Amazon Web Services' prolonged downtime over the weekend was caused by lightning, according to the company - but was lengthened by software bugs in the cloud provider’s infrastructure.
The bugs, disclosed by Amazon in an analysis of the failure, show how the size at which cloud providers operate can make them acutely vulnerable to failures in their software systems -- and acts as an object lesson of Google's statement that "at scale, everything breaks."
According to Amazon, its cloud in its US East region (10 datacentres split across four availability zones) was initially troubled by utility power fluctuations, probably caused by an electrical storm.
The outage took out key AWS technologies such as EC2
However, it was a variety of unforeseen bugs appearing in Amazon's software that caused the outage to last so long: for example, one datacentre failed to switch over to its backup generators and eventually the stores of energy in its uninterruptible power supply (UPS) were depleted, shutting down hardware in the region.
This unavailability of instances caused a "significant impact to many customers," Amazon said, but was worsened by degradation of the "control planes" — software that lets customers create, remove and change resources across the region. This inflexibility hobbled customers’ ability to respond to the outage.
And the problems didn't end there: a bottleneck appeared in Amazon’s server booting process, which meant it took longer than expected to bring key AWS components like EC2 and EBS back online. This led to a further problem for Amazon, as when it brings EBS back it needs to perform various technical operations to assure that data stored in the technology is preserved, and due to the number of affected bits of hardware "it still took several hours to complete the backlog."

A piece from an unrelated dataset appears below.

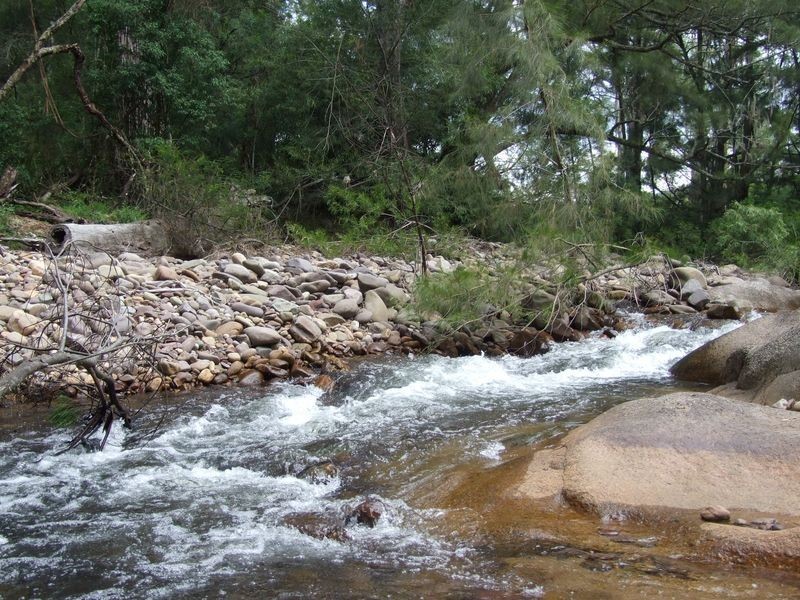 385 Goughs Road, Cobargo NSW 2550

Taken together, these difficulties combined to lengthen the recovery process beyond what it would normally be if a company were just bringing a generator back online.

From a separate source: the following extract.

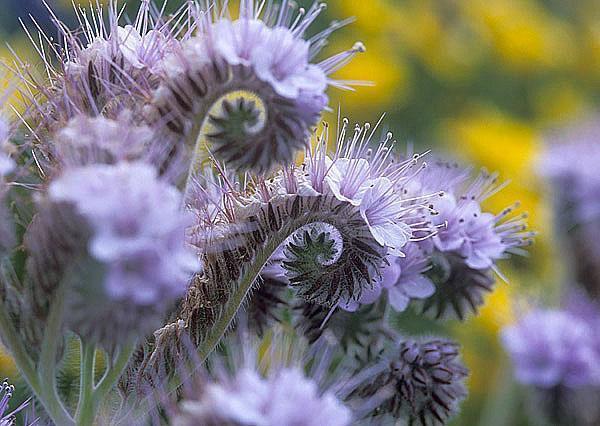 phacelia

"A bug we hadn’t seen before"
Perhaps the most critical problem for Amazon was the unforeseen bug that appeared in its Elastic Load Balancer (ELB), which is used to route traffic to servers with capacity.

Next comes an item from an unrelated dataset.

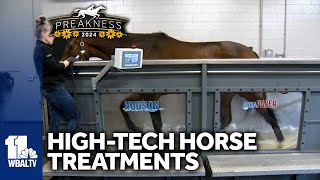 Vet details specialized treatment for equine athletes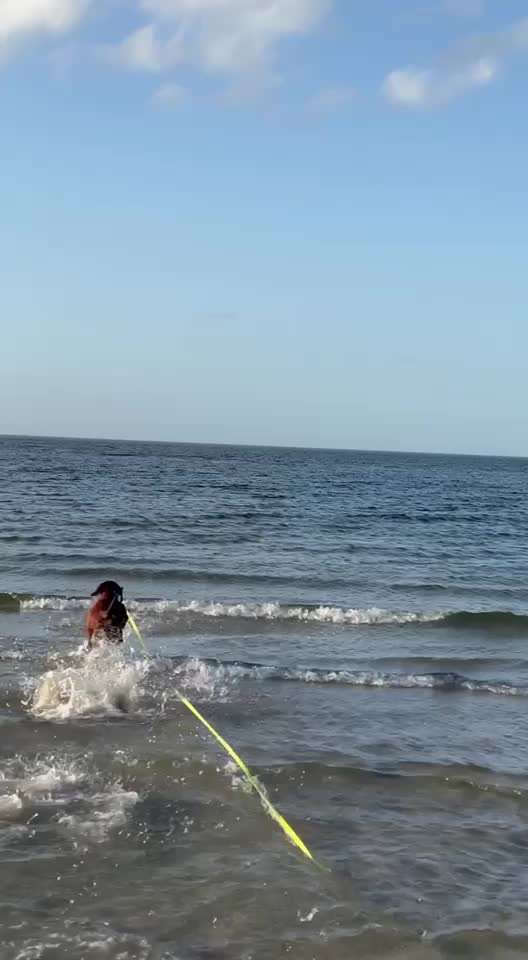 Rhodesian Ridgeback-Beitrag-Bild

When key AWS components like EC2 go down, the ELB system frantically tries to assign workloads to servers with space. However, as Amazon’s cloud rebooted, "a large number of ELBs came up in a state which triggered a bug we hadn’t seen before," the company said.
The bug meant that Amazon tried to rapidly scale the affected ELBs to ones of a larger size, flooding Amazon’s cloud with requests that caused a backlog in its control plane.
This, combined with a rise in the number of new servers being provisioned by customers in unaffected availability zones to add even more requests to the control plane, increasing the backlog still further.
A similar bug occurred in the recovery process for components of Amazon's Relational Database Service (RDS). Due to changes made to how Amazon dealt with storage failures, a bug appeared that meant RDS’s sharded across multiple availability zones did not complete failover, rendering them useless.
This bug is one which "only manifested when a certain sequence of communication failure is experienced," Amazon said, "situations we saw during this event as a variety of server shutdown sequences occurred."
All in all, though Amazon's outage happened because of an electrical storm, it was the hidden bugs in the cloud provider’s infrastructure that led to the real problems.
This strengthens the argument for cloud providers like Amazon to fully disclose their IT systems to either their customers or an independent third party for assessment, testing and inspection, as Yale academic Brian Ford has argued in his academic paper on "Icebergs in the clouds: the other risks of cloud computing" (PDF).
It also gives a real world example of the types of problems that he has theorised might arise in sufficiently large clouds.
Amazon has promised customers that it will "spend many hours over the coming days and weeks improving our understanding of the details of the various parts of this event and determining how to make further changes to improve our services and processes," but I do not think this goes far enough. In my opinion, more eyes are better, and Amazon should consider publishing further details of its technical infrastructure so customers can have as much insight into its infrastructure as it does.